GM Will Consider a Hotter SS If the Demand Exists
General Motors’s division in the land down under — Holden — has been known to create some of the most beastly yet affordable cars for their relative performance. The Commodore, one of Holden’s large sedans, is what Americans will soon know as the SS — but while the 415 horsepower, V8-powered family friendly hauler will only be available in one trim here, Australians are currently enjoying 455 and 580 horsepower versions.
So why not bring those here, as well?
That’s the big question that General Motors has seemingly been grappling with as it prepares to launch the SS in showrooms. While it would only seem like a natural progression, there’s one glaring problem standing in the way: high-performance, full-size sedans have never really been America’s thing — at least not like they are in Europe or Australia, apparently.
The release of the SS is therefore a sort of renewed experiment to take the temperature of the current American auto climate. It’s also a continued effort that was started by the Pontiac G8 GXP, before the brand was snuffed out mid-financial crisis.
“People say all the time, ‘Why don’t we have a six-speed manual? Why just one engine?’” said Chevrolet Performance Cars Marketing Manager John Fitzpatrick at the recent SEMA show in Las Vegas. Buyers of the SS have the option of one of five colors, a sunroof, and a full-size spare tire. Everything else is static, including the six-speed automatic transmission and a 415 horsepower, 6.2-liter V8 engine.

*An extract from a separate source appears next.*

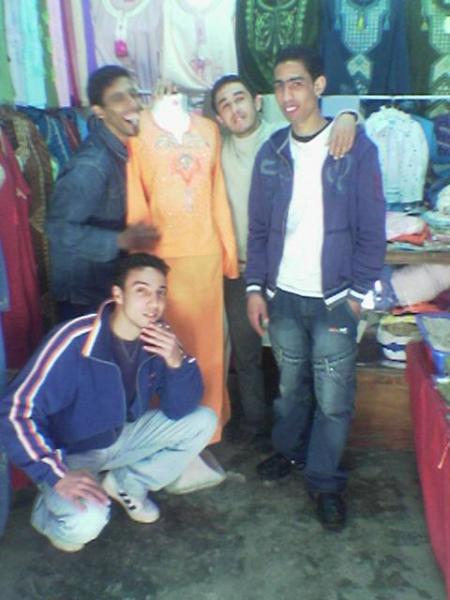 les fou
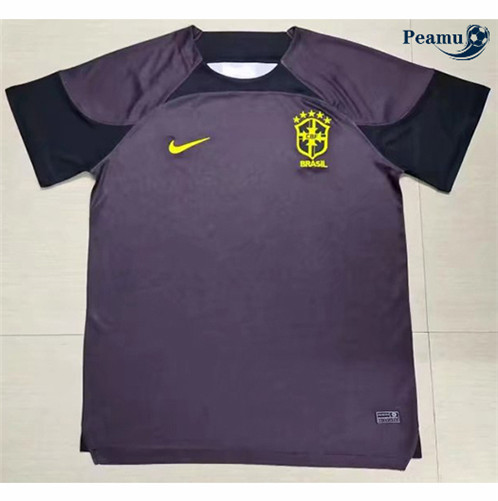 Comprar Camisolas de futebol Brasil Equipamento Portero Equipamento 2022-2023 t443 baratas | peamu.pt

It was after the Pontiac G8 failed to meet its expected sales goal of 30,000 annual units that Chevrolet had to do some heavy re-evaluating of the American hot-sedan scene. For the SS, Chevrolet is aiming for 2,000 to 3,000 sales per year.
However, should the SS — which runs in the $45,000 ballpark — meet those revised numbers, Fitzpatrick said that Chevrolet would definitely be interested in at least looking into bringing over the manual transmission and more powerful versions. Additionally, General Motors wanted to keep variations down to keep profits up, at least initially, and the company says shipping constraints have limited the numbers currently entering the United States, Automotive.com reports.